Our dealer set us up with a 12 year payment plan...we did it only because we knew we were going to pay it off within a year anyway.

12 payments x 12 months = 144
$1300.00 divided by 144 payments = $9.02 dollars per month

I spend more than that in a day on Lattes at Starbucks


----------



## wolfwood (Sep 19, 2005)

dhudson said:


> I very much appreciate the replies and advice.The problems we have had on this brand new unit in this first year have been:Tv antenna winder broke, kitchen dinette table came loose and detached from floor at slideout area, shower drain cracked, kitchen window would not open needed replaced, staples came through rubber roof, had to replace entire roof, A/C unit blew needed replaced, and " fiberglass delamination" issues on the outside of trailer at the hot water heater area. The last 4 issues have kept our TT at the dealer since Halloween 06'
> 
> 
> 
> ...










We're just out of our initial warranty. But, I can tell you, there are a few (VERY few) _minor_ issues that showed up at the end of last season (read - AFTER the threat of ice had arrived and I wasn't towing her anywhere). Because we have the E/W, we didn't need to stress out about being sure it all got addressed last Fall. We'll have it taken care of this Spring - and all will be right with the world. We almost always invest in an E/W on big ticket items (and always on our vehicles!) and we've never been sorry. Gives us "Peace of Mind" ....a little extra insurance....and, as it happens, we've always gotten our money's worth (hoping it will be different with the Outback...but ya' just don't know until it's too late







)

Just read Ghosty's response - - - gotta agree. With all that you've had done ALREADY - and all the waiting that you've had to do - - - I'd sure pursue that option!


----------



## Ghosty (Jan 17, 2005)

Dude -- ONCE AGAIN -- LEMON LAW THAT THING -- get a new one -- Holy Cow -- 5 Months at the dealer -- forget the warranty -- just start from scratch... !!!

Maryland Lemon Law

Check with an attorney that specializes in Maryland Lemon Law -- I worked a Lemon law case out of Maryland once -- easy state for Lemon Law stuff -- ...

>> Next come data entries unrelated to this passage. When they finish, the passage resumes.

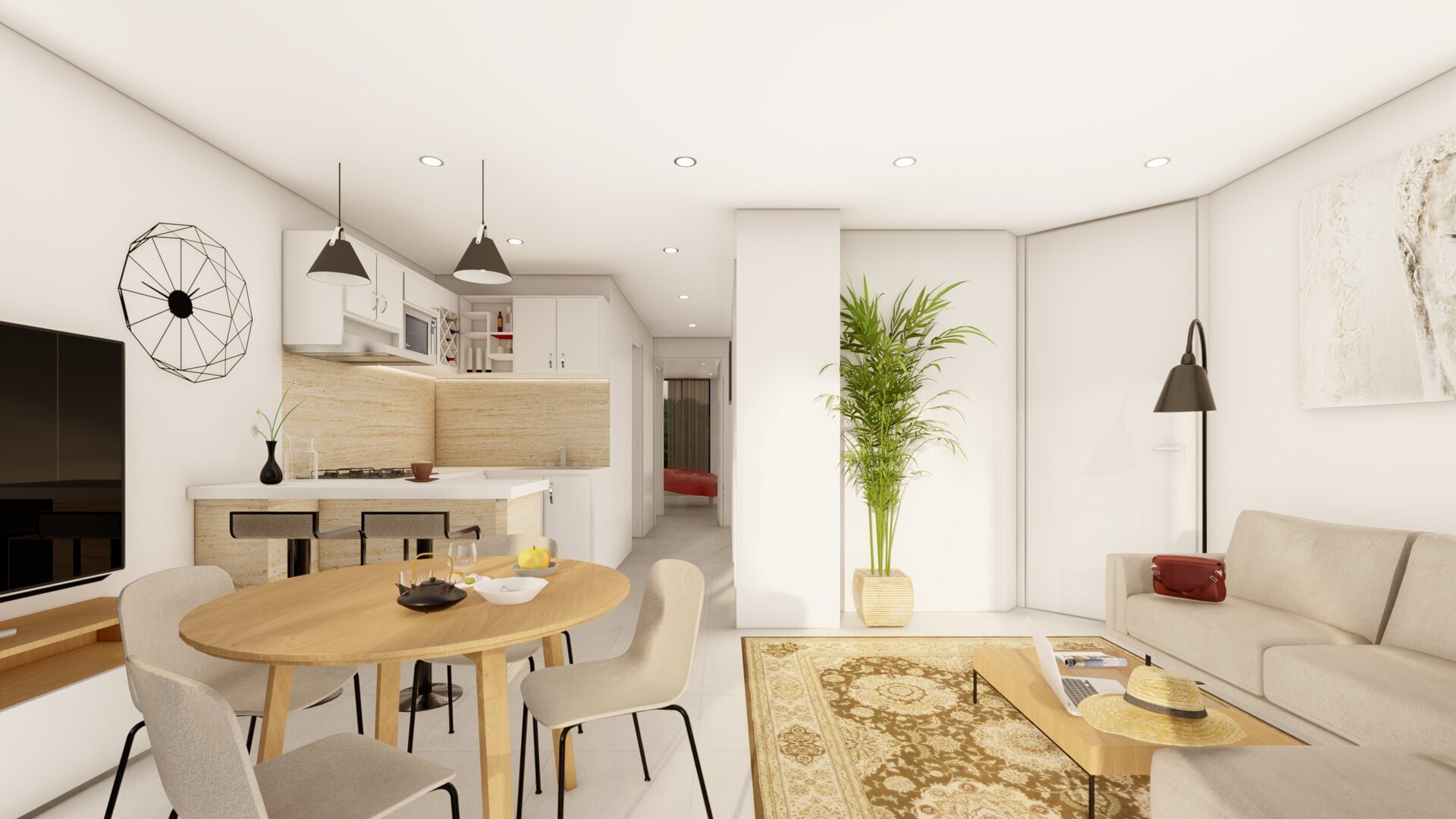 3-Bedroom Detached House in Murcia - Image 15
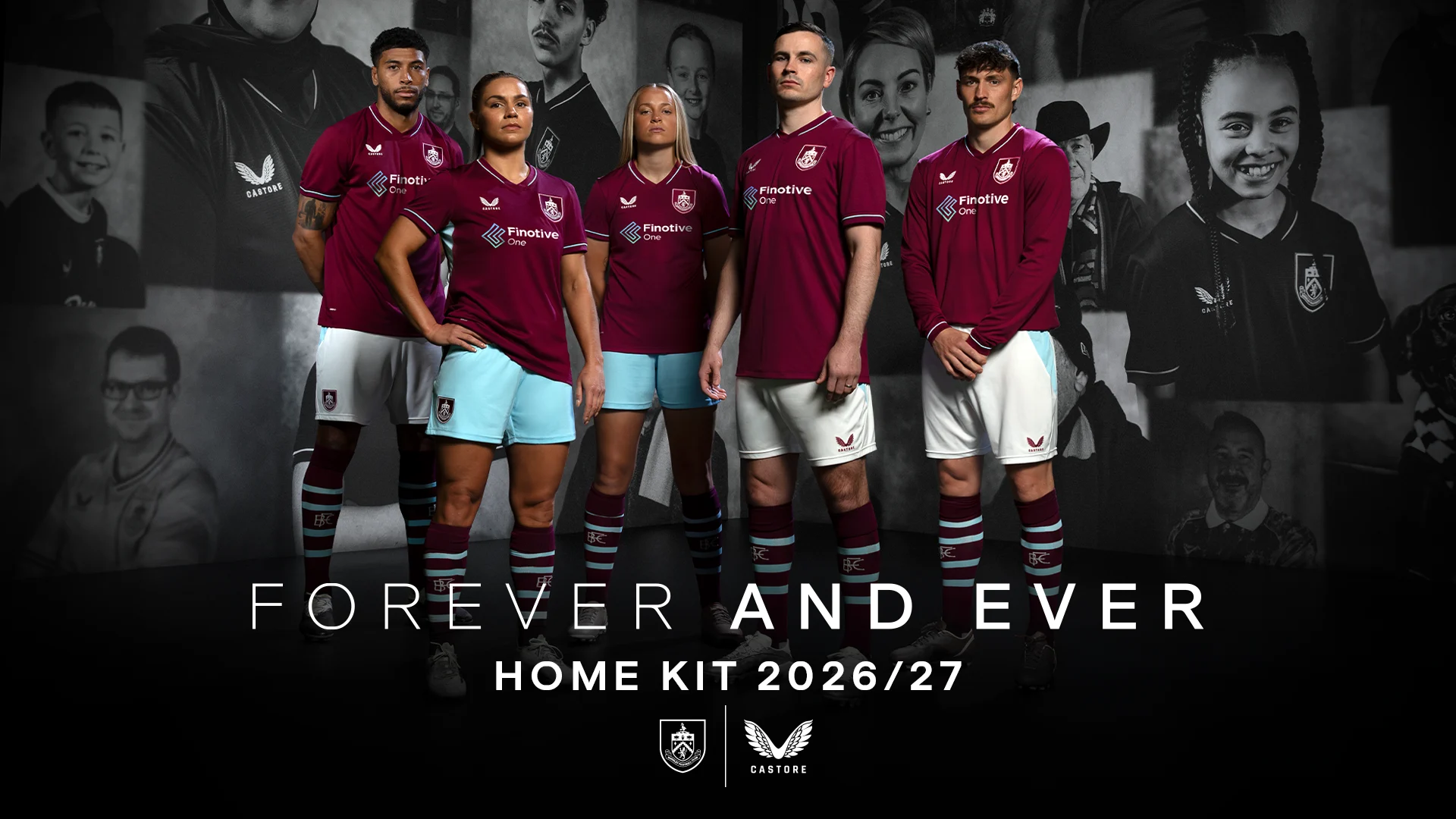 Burnley thuisshirt 2026-2027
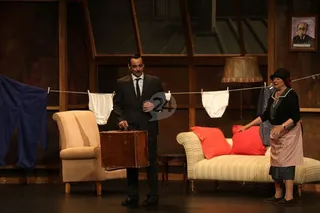 El Teatro Liceo disfruta de la obra 'Ninette y un señor de Murcia'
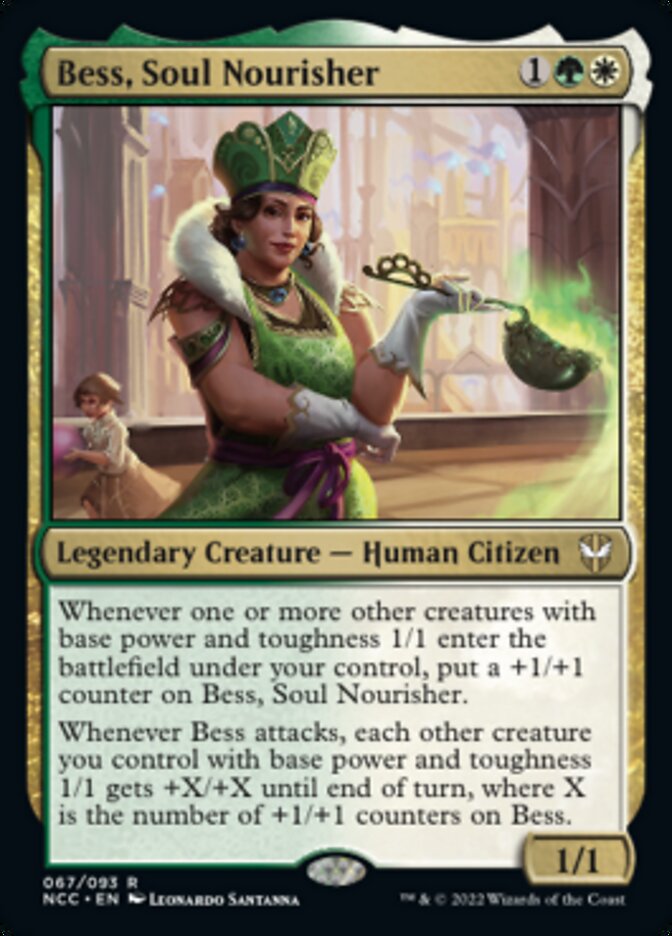Bess, Soul Nourisher [Streets of New Capenna Commander] | Good Games North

also -- make sure whatever attorney you go with does NOT charge anything in case you loose -- but dude - a 1st year law student could get your money back on this one...


----------



## RizFam (Feb 25, 2006)

wolfwood said:


> I very much appreciate the replies and advice.The problems we have had on this brand new unit in this first year have been:Tv antenna winder broke, kitchen dinette table came loose and detached from floor at slideout area, shower drain cracked, kitchen window would not open needed replaced, staples came through rubber roof, had to replace entire roof, A/C unit blew needed replaced, and " fiberglass delamination" issues on the outside of trailer at the hot water heater area. The last 4 issues have kept our TT at the dealer since Halloween 06'
> 
> 
> 
> ...










We're just out of our initial warranty. But, I can tell you, there are a few (VERY few) _minor_ issues that showed up at the end of last season (read - AFTER the threat of ice had arrived and I wasn't towing her anywhere). Because we have the E/W, we didn't need to stress out about being sure it all got addressed last Fall. We'll have it taken care of this Spring - and all will be right with the world. We almost always invest in an E/W on big ticket items (and always on our vehicles!) and we've never been sorry. Gives us "Peace of Mind" ....a little extra insurance....and, as it happens, we've always gotten our money's worth (hoping it will be different with the Outback...but ya' just don't know until it's too late







)
[/quote]

Exactly! Insurance/warranty = Peace of Mind! In our stressful world we always go for the Peace of Mind, it just decreases our stress!


----------



## CamperAndy (Aug 26, 2004)

I got to say you may not be happy with this trailer with or without an extended warranty. You think the dealer is slow now just wait until you tell them you want it repaired under the extended warranty plan.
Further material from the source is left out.